The prophets’ writings (such as those found in Ezekiel and Isaiah) are filled to overflowing with visions and elements of God’s majesty and sovereignty. The New Testament story begins with God’s display of greatness. Glory to God in the highest, the angels sang above the shepherds' field. And on earth peace to men on whom his favor rests.  Jesus' ministry was filled with miracles, His death resulted in the darkening of the sky, an earthquake, the tearing of the veil in the temple, and the opening of graves; the occupants of those graves filled again with life. Three days later He returned from the grave Himself, fully alive.  Forty days after that, He ascended before witnesses just outside of Jerusalem.
This same Jesus revealed Himself to John, His beloved disciple, approximately 40 years later in what has become known as John's Revelation. John's description of the Christ is much like those of Ezekiel and Isaiah in detail.

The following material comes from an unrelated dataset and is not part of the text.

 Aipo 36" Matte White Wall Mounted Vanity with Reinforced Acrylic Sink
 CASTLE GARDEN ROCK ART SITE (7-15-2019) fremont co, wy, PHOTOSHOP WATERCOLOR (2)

His feet were like bronze glowing in a furnace, and his voice was like the sound of rushing waters…When I saw him, I fell at his feet as though dead. Then he placed his right hand on me and said: “Do not be afraid. I am the First and the Last. I am the Living One; I was dead and behold I am alive for ever and ever! And I hold the keys of death and Hades.”
God displayed his power and will to Paul on the road to Damascus and, at some point, took the apostle (or so theologians believe it was Paul) to “the third heaven.”  Is it any wonder then that Paul wrote:
Oh, the depth of the riches of the wisdom and knowledge of God! How Unsearchable his judgments and his paths beyond tracing out. Who has known the mind of the Lord? Or who has been his counselor? Who has ever given to God that God should repay him? For from him and through him and to him are all things. To him be the glory forever!
How Great is Our God!
And is it any wonder then that Chris Tomlin penned his words in tribute to the greatness of God? Or that even with the sheer beauty and imagery of the lyrics and the Scriptures, we cannot come close to knowing… to understanding… to reaching the full definition of His greatness.
Perhaps none of us, really, are ready to know just how wonderful God truly is."